DATA BLOCK:
*** Block opens ***

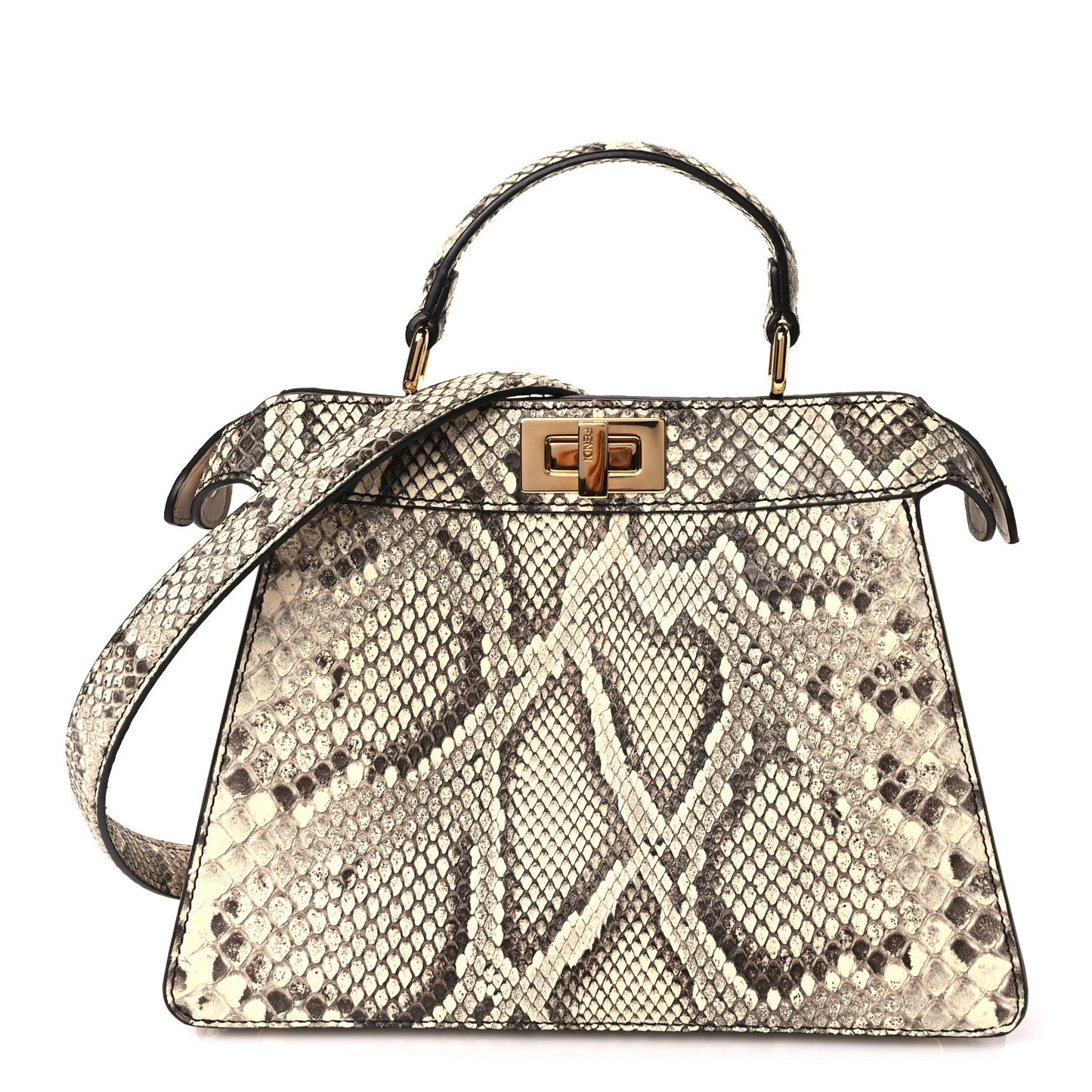 Snakeskin Shiny Nappa Small Peekaboo I SEE U Beige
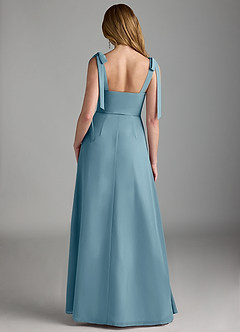 Azazie Lizet Bridesmaid Dresses Moody Blue A-Line Sweetheart Neckline Chiffon Dress image2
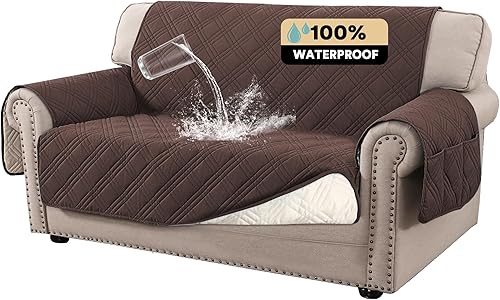 PrinceDeco Fundas 100% impermeables para sofá de 2 cojines, impermeable y lavable, con bolsillo lateral, protector de muebles con correas elásticas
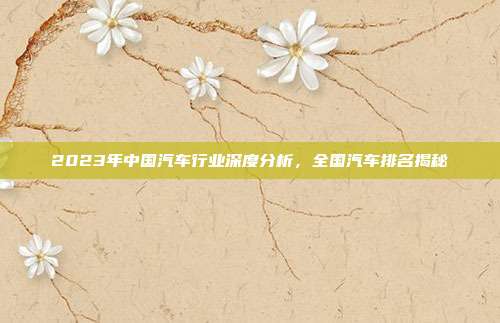 2023年中国汽车行业深度分析，全国汽车排名揭秘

*** Block closes ***

WORK REQUIRED: Leave out the images and repeat the rest of the data word for word.

RESULT BELOW:
 Snakeskin Shiny Nappa Small Peekaboo I SEE U Beige
 Azazie Lizet Bridesmaid Dresses Moody Blue A-Line Sweetheart Neckline Chiffon Dress image2
 PrinceDeco Fundas 100% impermeables para sofá de 2 cojines, impermeable y lavable, con bolsillo lateral, protector de muebles con correas elásticas
 2023年中国汽车行业深度分析，全国汽车排名揭秘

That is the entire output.